## The problem
Your reply should hold every record exactly as given, with no pictures in it.

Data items
┄┄┄┄┄┄┄┄┄┄

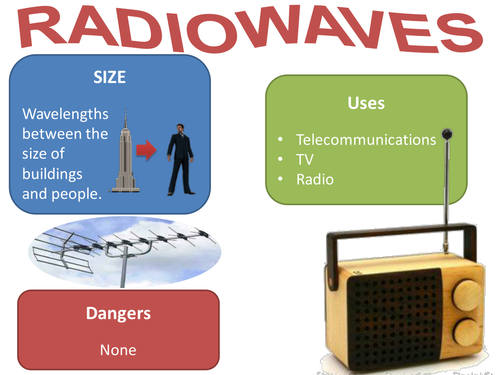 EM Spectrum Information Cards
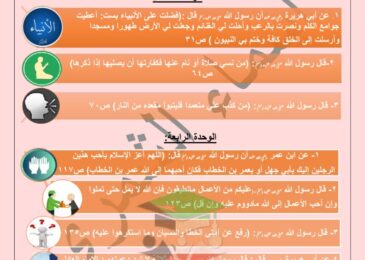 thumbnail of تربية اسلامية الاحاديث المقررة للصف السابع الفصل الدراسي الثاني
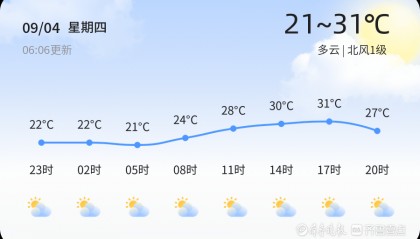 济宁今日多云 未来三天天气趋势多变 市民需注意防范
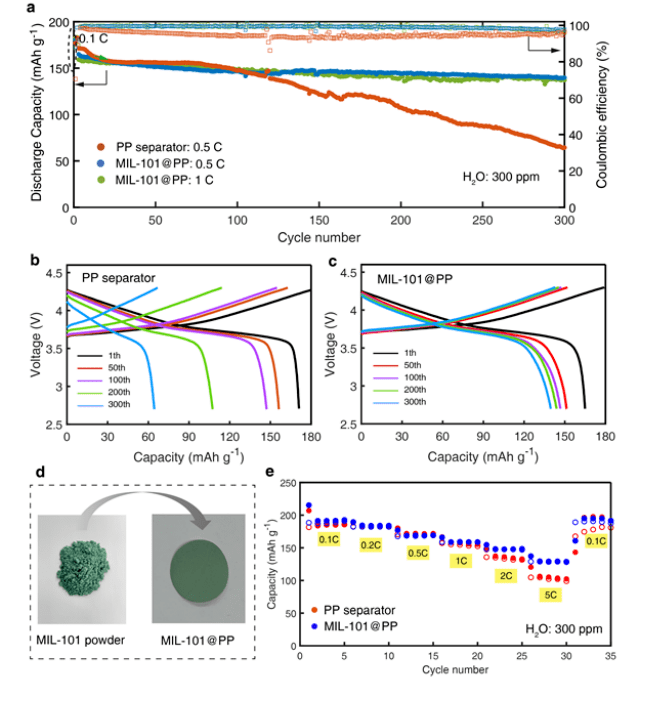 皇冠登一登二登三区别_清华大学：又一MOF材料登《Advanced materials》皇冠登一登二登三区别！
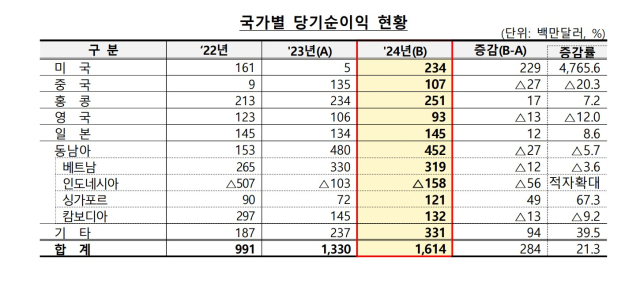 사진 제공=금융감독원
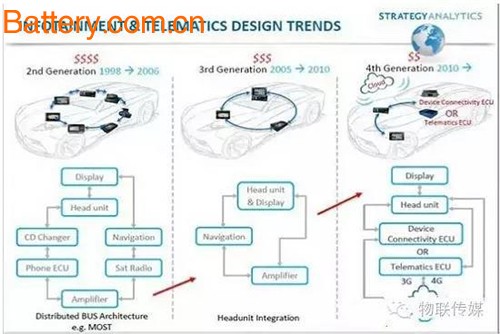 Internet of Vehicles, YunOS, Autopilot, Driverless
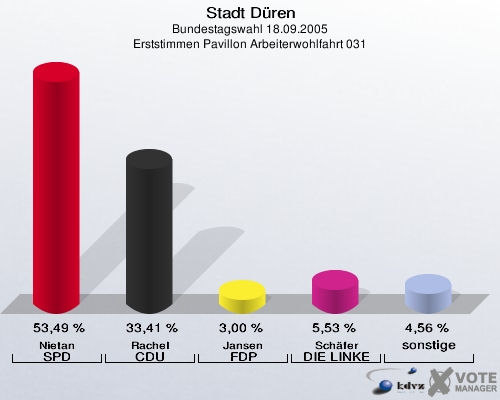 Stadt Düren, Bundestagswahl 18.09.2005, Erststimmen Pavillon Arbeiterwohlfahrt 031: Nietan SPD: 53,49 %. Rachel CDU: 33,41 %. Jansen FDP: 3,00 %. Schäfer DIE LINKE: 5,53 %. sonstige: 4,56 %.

┄┄┄┄┄┄┄┄┄┄

## Completed task
 EM Spectrum Information Cards
 thumbnail of تربية اسلامية الاحاديث المقررة للصف السابع الفصل الدراسي الثاني
 济宁今日多云 未来三天天气趋势多变 市民需注意防范
 皇冠登一登二登三区别_清华大学：又一MOF材料登《Advanced materials》皇冠登一登二登三区别！
 사진 제공=금융감독원
 Internet of Vehicles, YunOS, Autopilot, Driverless
 Stadt Düren, Bundestagswahl 18.09.2005, Erststimmen Pavillon Arbeiterwohlfahrt 031: Nietan SPD: 53,49 %. Rachel CDU: 33,41 %. Jansen FDP: 3,00 %. Schäfer DIE LINKE: 5,53 %. sonstige: 4,56 %.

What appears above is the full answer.